Saturday, March 17, 2007

Airport Adventures

Airports are great. You never know what might happen. This time, the adventure was mostly amusing rather than threatening, harrowing, or otherwise traumatizing.

For this story to make sense, you should know that my hair is short and dark brown, with long-ish bangs dyed bright orange. Not hair-color orange - orange like the fruit. The inside of the fruit. Or maybe like a mango. Anyway, it stands out.

I was in the Baltimore International Airport, en route from my home base in the North East to do some family stuff in Miami Beach. (I really do have family there, and we really did have stuff to do. It was not just a good excuse to be in Miami Beach in February, although it was also that.)

I was walking quickly because I had just gotten off of a moving sidewalk, and regular walking speed just seems so slow when you get off of those things. A maintenance worker with an obvious, probably mild, developmental disability called to me from across the wide, empty hallway. He was pushing his cart back in the direction I had just come from. I stopped, he stopped, and we carried on this conversation by shouting to each other across humming of the moving sidewalk:

Him: Hey! I like your hair!
Me: Thanks!
Him: It's really bright.
Me: Yup.
Him: What's your mom think?
Me: She hasn't seen it yet. (This was a lie. She doesn't particularly like it, but my haircolor is probably the least of my mom's worries about me.)
Him: Oh. You have a boyfriend?
Me: Not exactly. (Actually, not at all. Why'd I say that? I don't know. Maybe force of habit, from all those years when people would ask me if I had a boyfriend, and I had to decide whether or not to tell them about my girlfriend.)
Him: Oh. You will.
Me: Gosh, thanks. (I meant it, oddly.)
Him: Yeah, someday you will have a boyfriend. He'll teach you to change your hair back.
Me: Oh, um, okay ...
Him: Have a nice day!
Me: You, too, dude. You, too.

This was only the first of several bizarre interactions I had in between Miami Beach and home. In addition, I was mistaken once for a 16-year-old woman and once for a 14-year-old boy, encouraged to hurry up and give my parents grandbabies, asked if the baby sweater I was knitting was for my own child and also if it was for my younger sibling, and once I sat for two hours next to an older, apparently middle-class woman who was very earnestly engaged in reading Barbara Ehrenreich's Nickeled and Dimed, a book that was assigned to me three times in three years of college, and which makes me angrier than any other book I've ever read.

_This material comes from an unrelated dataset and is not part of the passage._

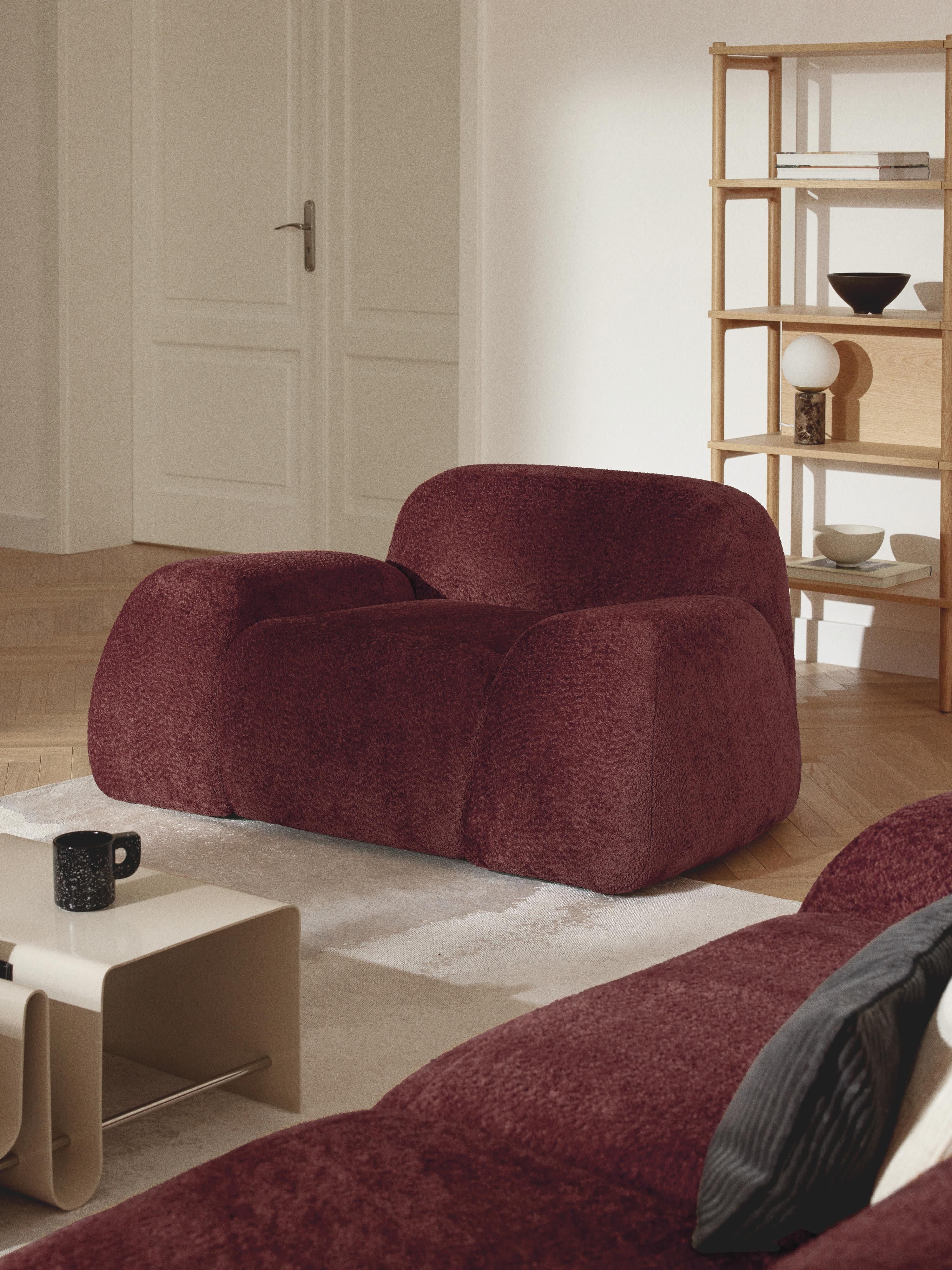 Loungefauteuil Wolke van teddy-bouclé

Mmm-mm, airports. Never a dull moment, I'm telling you.


Dane said...

Nickled and Dimed pisses me off too. I'm in Warsaw, about to get kicked off internet, or i'd write more.

Liora said...

I'm not so sure i actually understand what he said...

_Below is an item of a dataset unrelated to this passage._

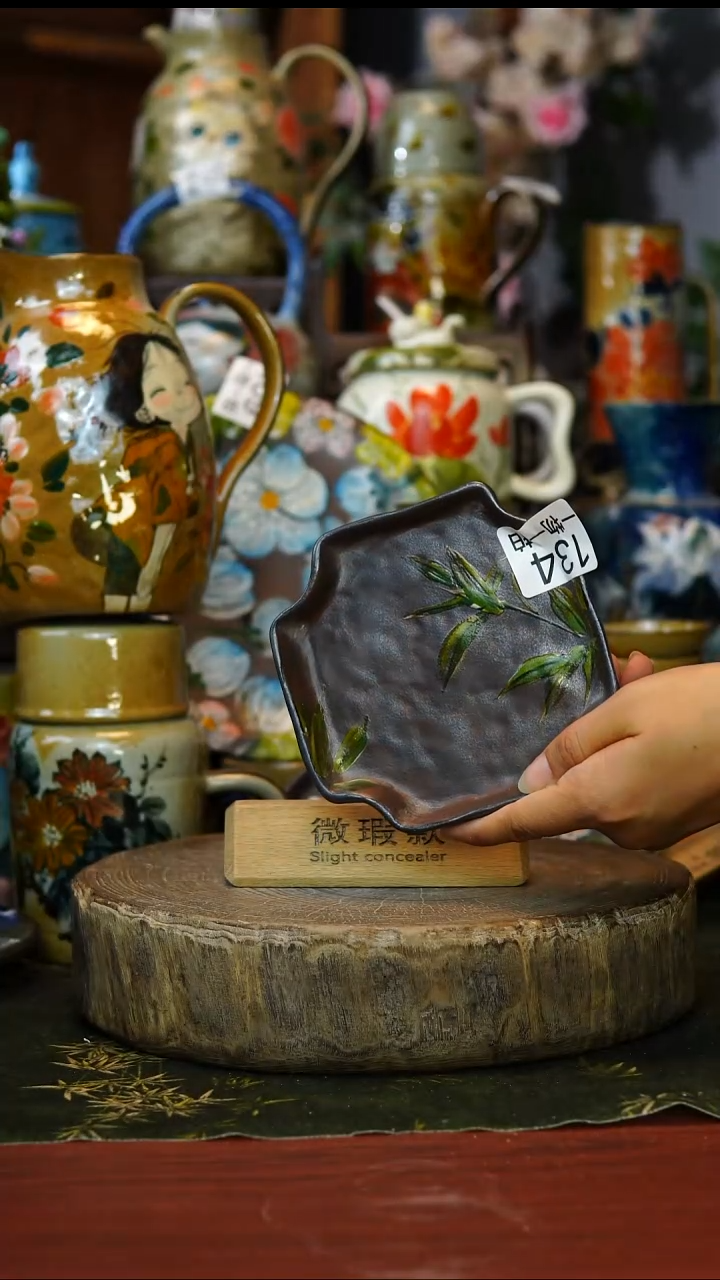 花瓶微瑕134景德镇手工釉下彩陶瓷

"I like your hair, but your boyfriend (which i prognosticate you'll get) will teach you for being such a rebel!"

i don't even know what to think about that

Anonymous said...

I just read the desciption for Nickeled and Dimed and it sounds very condescending.
Offensive and pointless too.

Anonymous said...

Do you have a younger sibling?

Davey says ... said...

Uh, not /that/ young. I don't have a child, either.

Anonymous said...

What does (s) he think about your new sexual identity?

Davey says ... said...

I don't have a "new sexual identity."
1)Transgender, genderqeer, etc. describe gender identities, not "sexual" identities.
2)It's not new; I've been identifying myself as transgedner and genderqueer for about six years.
What does my sibling think? She doesn't know, because I haven't spoken with her in about five years, since before I came out to my family. I haven't spoken with her because she's out of touch with this entire half of the family (she's my half sibling).
But the point of my original sibling comment was that I am too old to feasibly have a sibling young enough to wear a newborn-sized sweater. It wouldn't be impossible, but it would be very unlikely.

Anonymous said...

I'm sorry, I didn'tmean to say sexual- i know the difference, it was a mistake.

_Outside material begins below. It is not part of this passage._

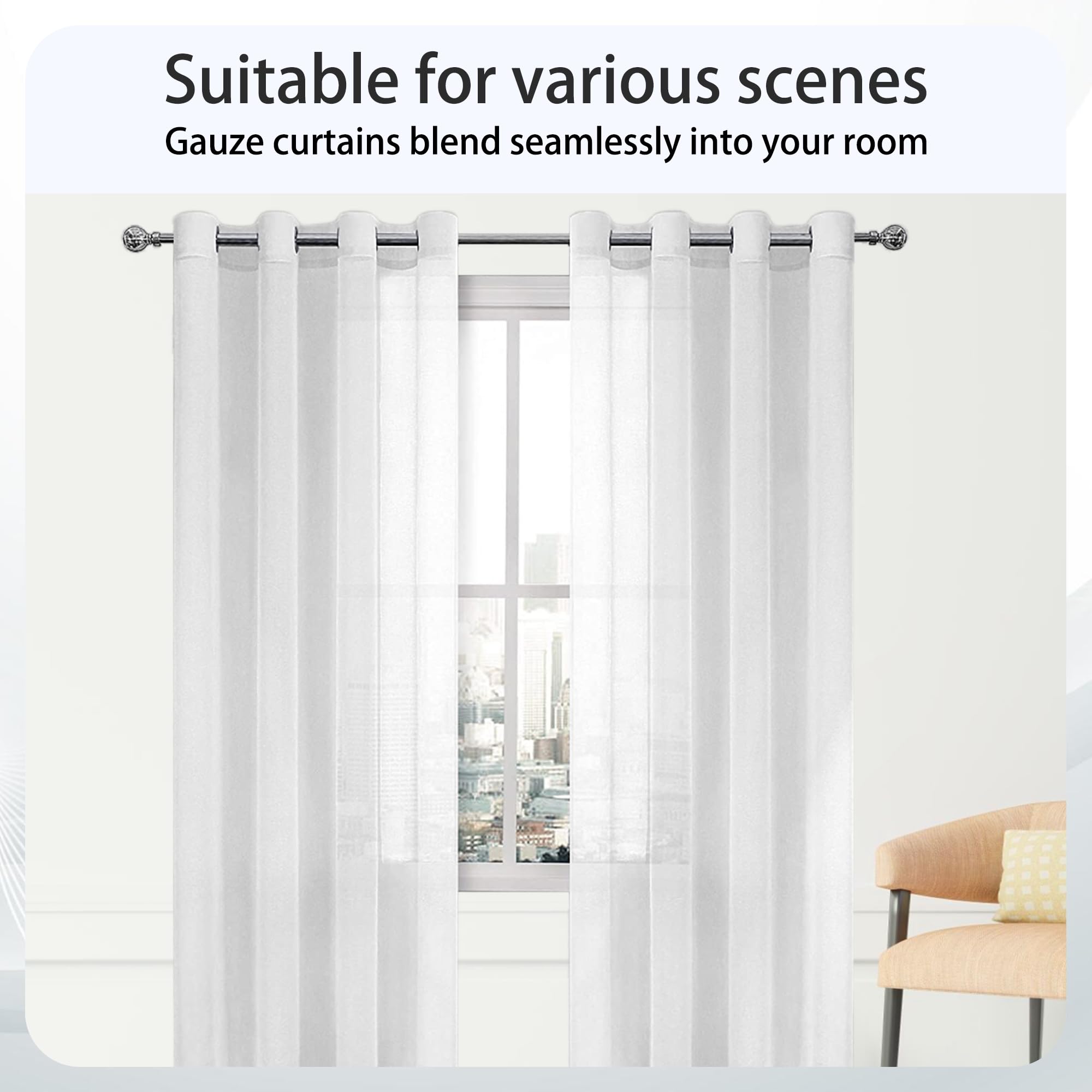 Tende Trasparenti 150 x 335 cm Trasparenti Tende Soggiorno Eleganti con Occhielli per Camera da Letto, Soggiorno, Cucina, Interni, Bianco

I meant "new" in the relative sense, as I'm sure you didn't come out to your family when you were very young

And i understood the point of including the comment about your younger sibling/ child, I was just curious about the matter

Davey says ... said...

tsall good. who are you, anyway? because not many strangers read my blog. (if you do me the favor of answering, i will read it but not post it.)